とくにセールスとの連携は、「基準」がないと難易度が上がります。ユーザベースでは、マーケティングが創出したMQL(Marketing Qualified Lead)に対して、架電する必要性があるかどうかインサイドセールスが目検で判断するTQL(Teleprospecting Qualified Leads)をファネルに組み込んでいます。その際、「ターゲット企業」かどうか、部署や役割といった「ペルソナ」、さらにBANT情報を加えた6つの要素をセールスと合意し、トスアップするクライテリア(基準)を定めていることで、セールスやマーケティングと「ペルソナが合っていないから架電しません」といった会話ができる。これをクライテリアを定めず属人的に行うと、連携がうまくいかなくなってしまいます。
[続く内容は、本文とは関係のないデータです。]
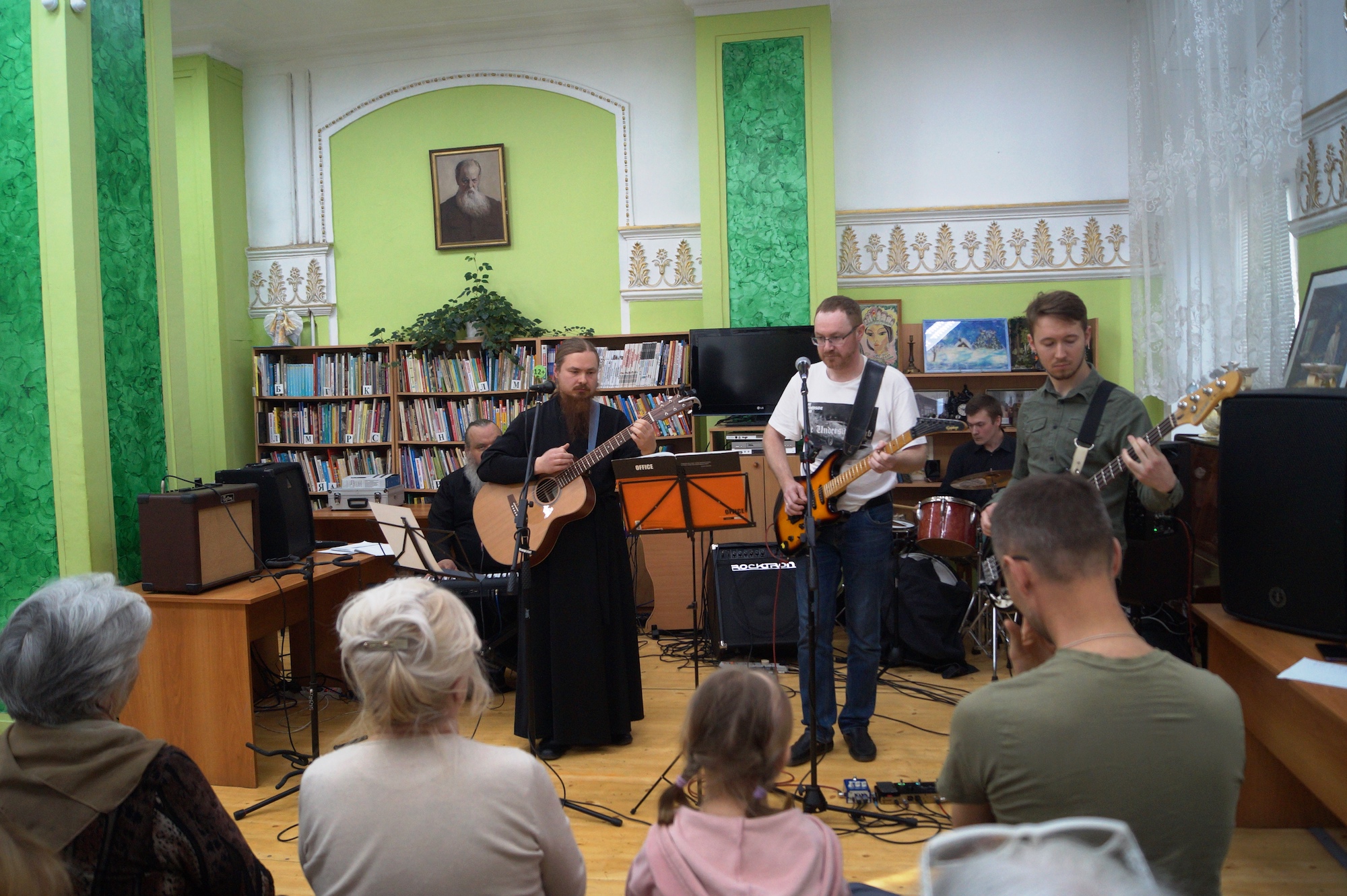 Жизнь каменского. Жизнь каменского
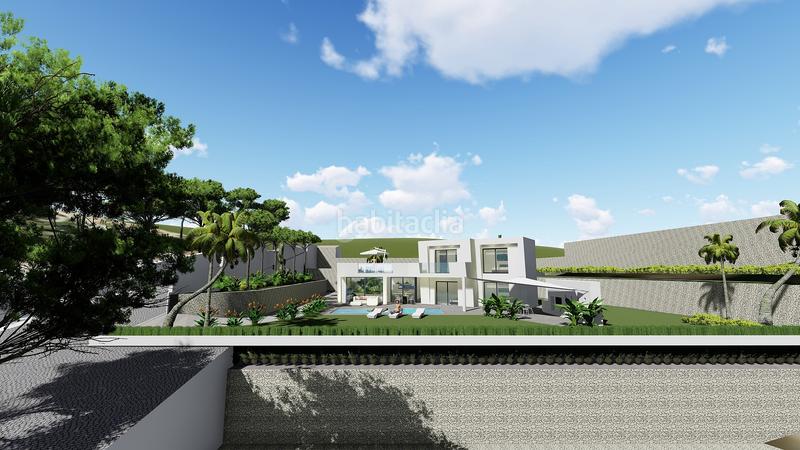 Foto d4f208fe-c91c-4bc8-b26b-ff6f98aa7afd. House with pool in Marisol Park - Ortembach - Los Almendros Calp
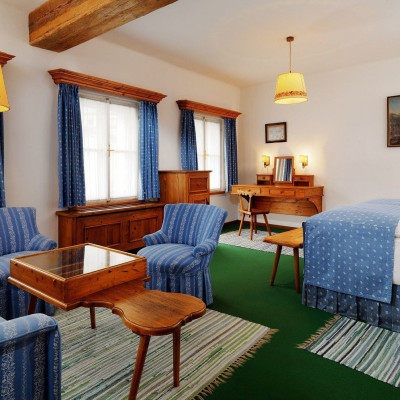 Hotel Goldener Hirsch, A Luxury Collection Hotel, Salzburg image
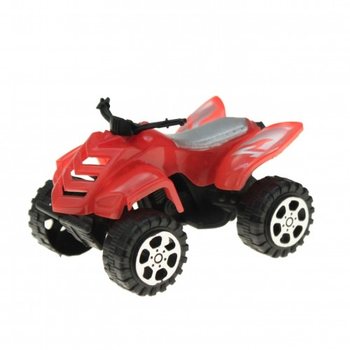 Xe Quad Ma S&aacute;t Đ&oacute;ng Thẻ (24 chiếc)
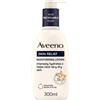 JOHNSON & JOHNSON Aveeno Skin Relief Crema Corpo All'avena Prebiotica 300 Ml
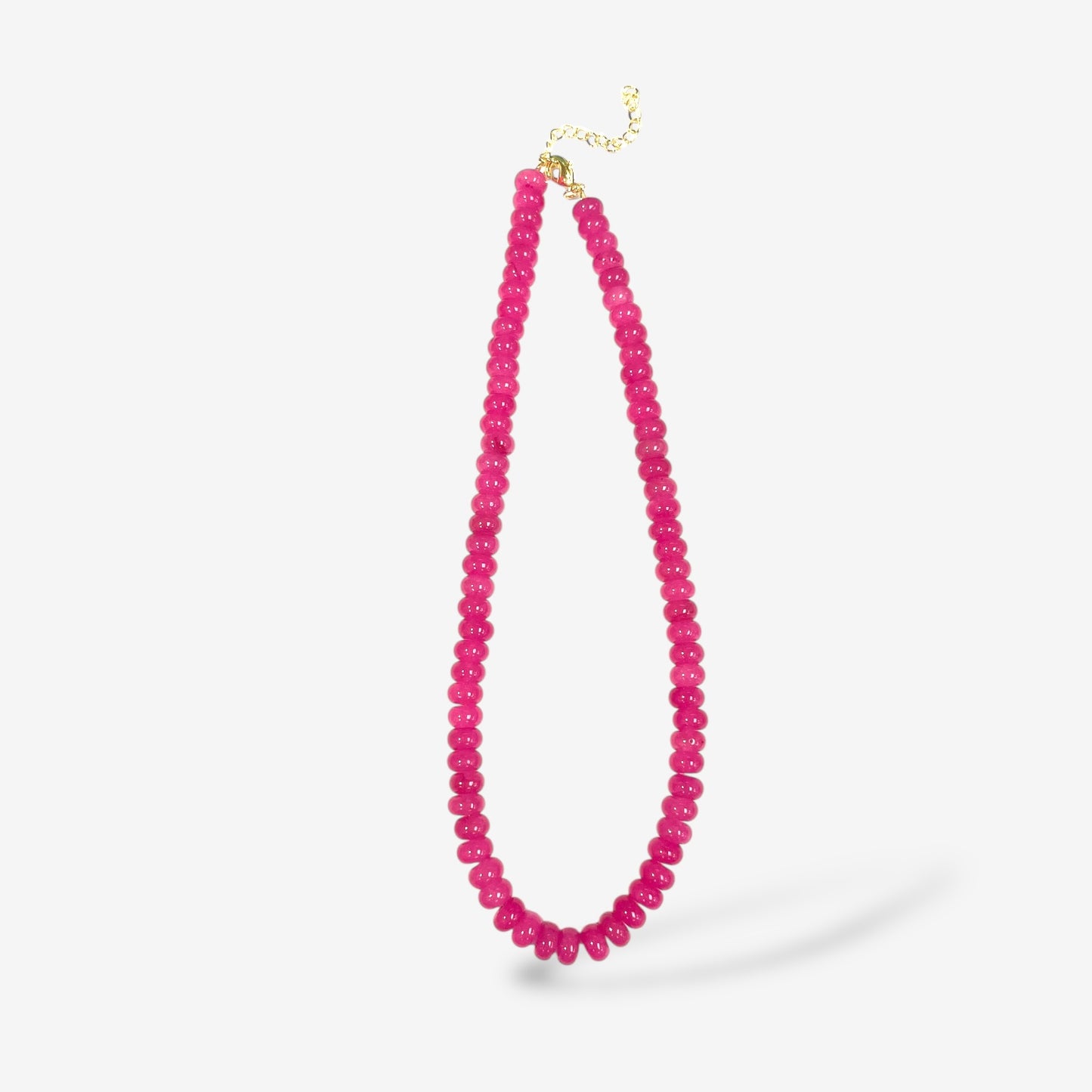 8mm Bead Necklaces
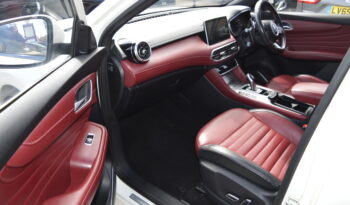 MG MG HS 1.5 T-GDI Exclusive DCT Euro 6 (s/s) 5dr PETROL 2020 AUTO ONE OWNER SAT NAV PANAROMIC ROOF full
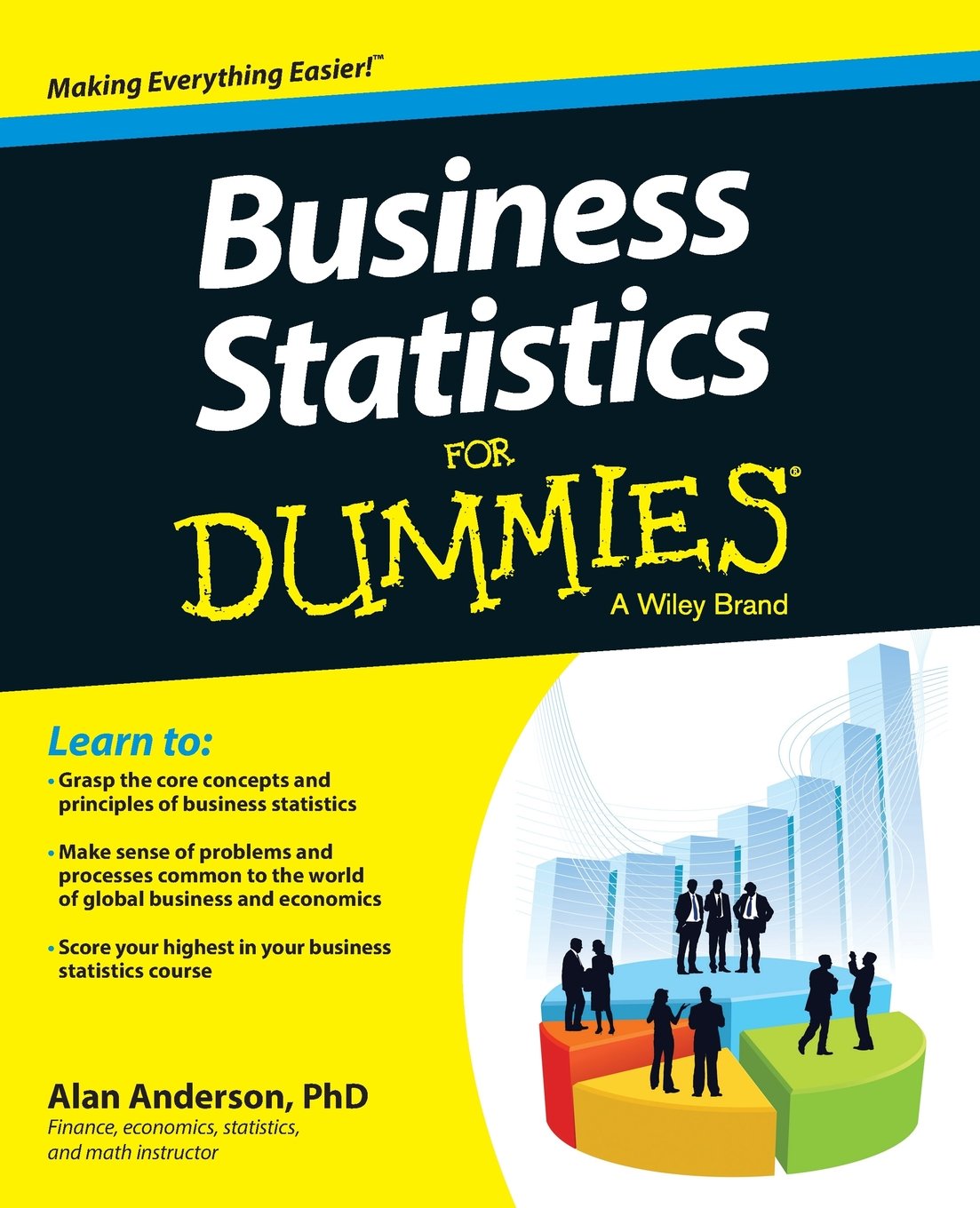 Business Statistics FD - 4488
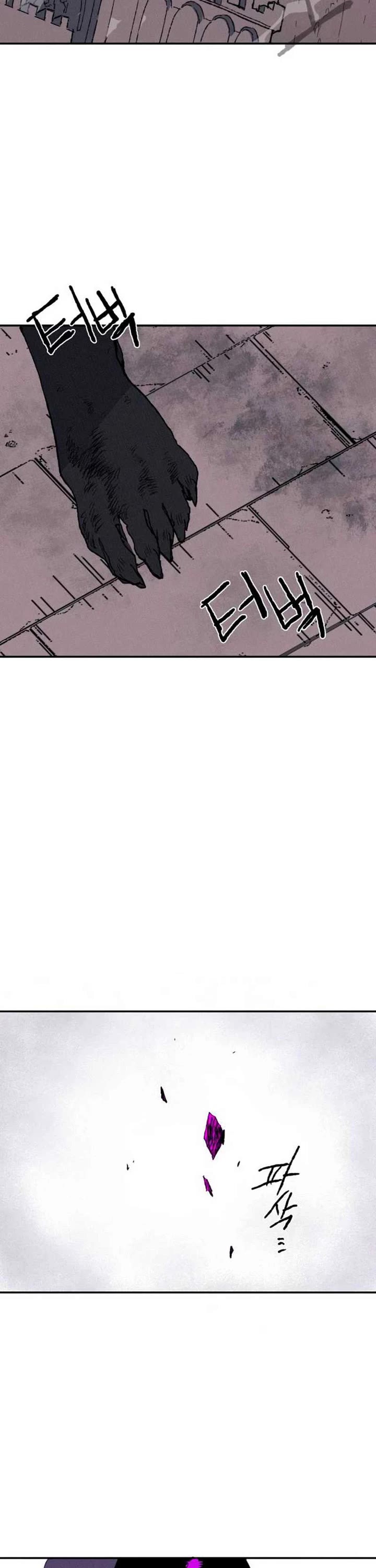 The Tale of the Skeleton Messenger chapter 36 page 71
工藤(IVRy) クライテリアはどのように決めていくと良いでしょうか。
畑佐 インサイドセールスのフェーズによるのではなく、セールスのリソース次第だと思います。セールスのリソースがあるならどんどんトスアップして、逆にリソースがないならクライテリアを高くしてトスアップの数を抑える。そのように調整すると良いのではないでしょうか。
蔭山 クライテリアはどのぐらいの頻度で見直しているんですか。
畑佐 ちょくちょく見直していますね。セールスのリソースは週次で状況が変わりますから。インサイドセールスがトスアップする件数を増やしたり減らしたりこまめに調整することで、組織全体が循環していくと思っています。インサイドセールスのメンバーにも、「自分たちが調整を担うことで、セールスや組織全体を動かしている」くらいの意識を持ってほしいと伝えています。